Events with R2ISE founder Alexia Jones explore role of arts in recovery
By Emma Yarbrough | Emory Report | Sept. 12, 2018
Facing drug addiction, Alexia Jones found healing in dance, a recovery method she now shares with others. She comes to campus Thursday through Saturday for dance performances, a workshop and a Creativity Conversation.
Alexia Jones had a promising career as a professional dancer when a drug addiction brought her life to a screeching halt. Jones’ faith and passion for dance played a large role in her healing.
“Early in my recovery process, I started dancing again. Alone with God and from that place of deep discovery, I found dance to be the vehicle through which I found recovery,” says Jones, who used her experience to develop a process she calls the Beracha method.
“This method focuses on passion, strength and allowing others to share their stories through their unique artistic expressions,” she explains.
On Friday and Saturday, the Emory Dance Program welcomes Jones and her organization R2ISE to campus for two performances of “Chronicles of Hope,” featuring a diverse group of people challenged with mental health and substance abuse disorders along with their allies performing stories of hope, courage and recovery.

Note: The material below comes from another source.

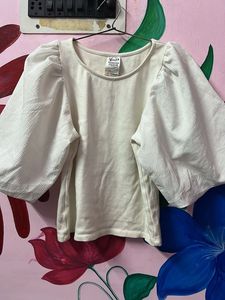 Stylish white Puff Sleeve Top
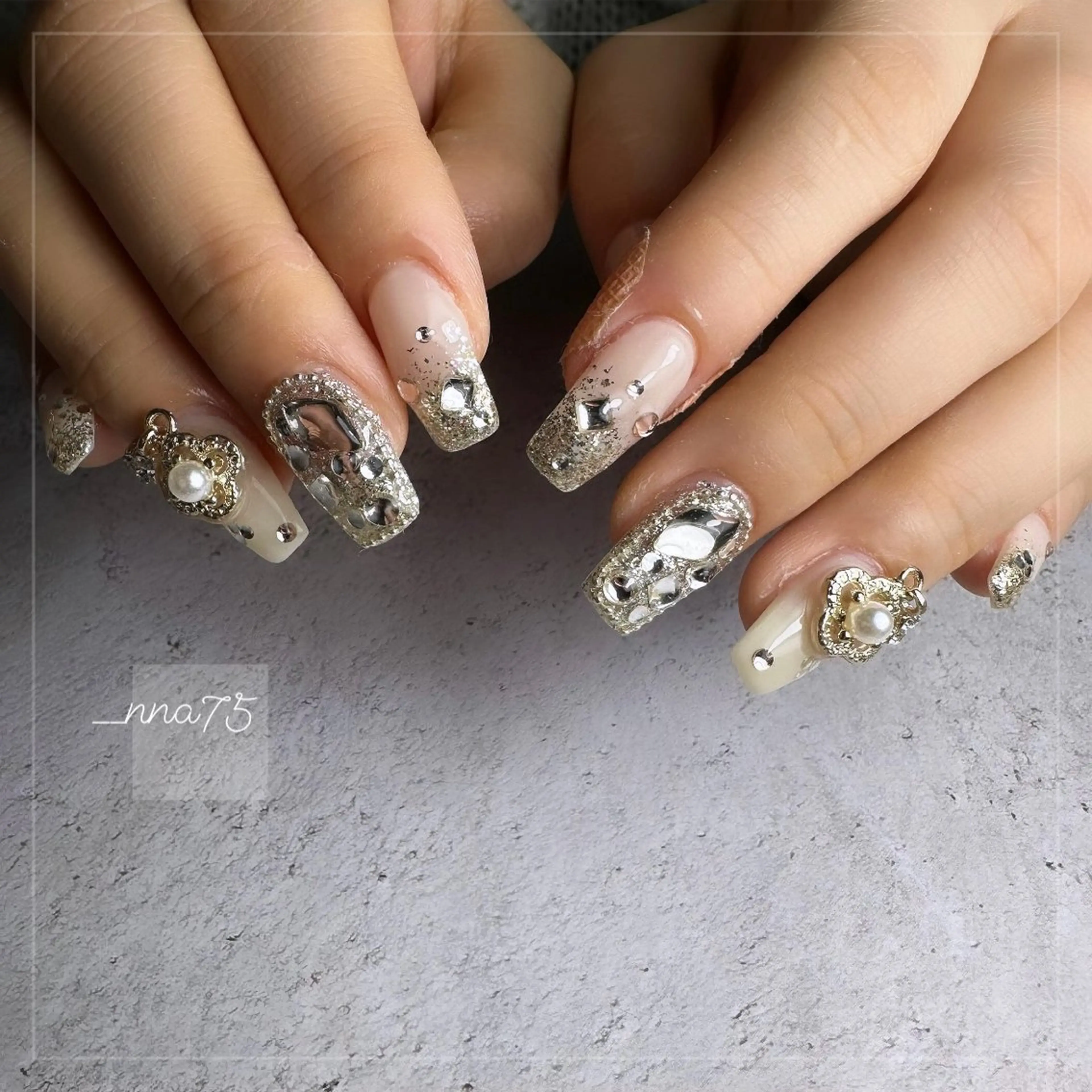 ネイル GRANDE OSU Anna 🧸💛のネイルデザイン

“We have never presented anything about healing,” says Lori Teague, director of the Emory Dance Program. “Movement is a communicator. It heals.”
Teague experienced the healing power of movement and Jones’ therapeutic skill first-hand when she observed a rehearsal for “Chronicles of Hope” earlier this summer. “Her level of sensitivity is amazing to watch,” says Teague of Jones.
For Jones, the work she does through R2ISE is just as nourishing for her as it is for those coming to her for guidance. “I watch my peers find their voice, increase their confidence, share their stories and rediscover their strengths. At R2ISE we embrace our recovery. We are restored, inspired, supported and we are evolving.”
With opiate addiction reaching epidemic levels and several well-publicized suicides happening in recent months, the work of R2ISE is perhaps more relevant than ever, especially on college campuses where many students are at an age when drug abuse and mental health disorders often first surface.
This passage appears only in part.